Clothes were 3.0 percent cheaper in August than one year previously. This is mainly due to the fact that the summer sales lasted longer than in 2009. In July, clothing prices were 1.2 percent up on July 2009.
Petrol price developments also had a downward effect on inflation. Petrol prices were 4.7 percent up in August on one year previously, whereas in July, prices were 8.8 percent higher than in July 2009.
With 0.4 percentage points, housing, water and energy contributed most to August’s inflation rate, followed by the transport sector (0.3 percentage points). Clothing and footwear, on the other hand, had a downward effect of 0.1 percentage points. Other goods and services hardly contributed to inflation.

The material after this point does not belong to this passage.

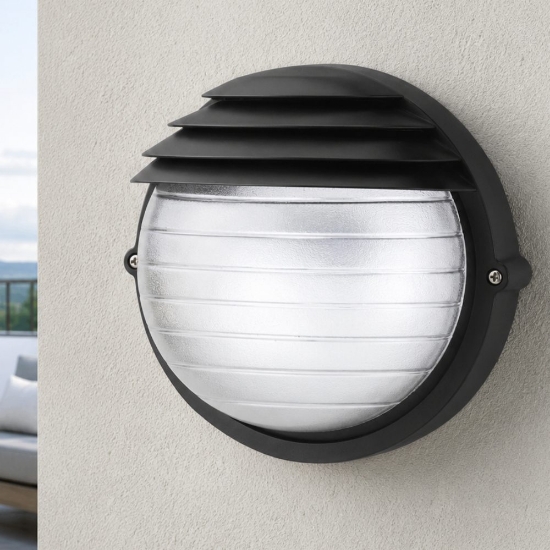 Applique da esterno balcone design industrial nero ip54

The harmonised consumer price index (HICP) allows comparison between the inflation rates in the member states of the European Union (EU). According to the HICP, Dutch inflation was 1.2 percent in August. Eurostat, the European statistical office, calculated an inflation rate of 1.6 percent in the eurozone. August was the ninth month in a row to show a lower inflation rate in the Netherlands than in the eurozone.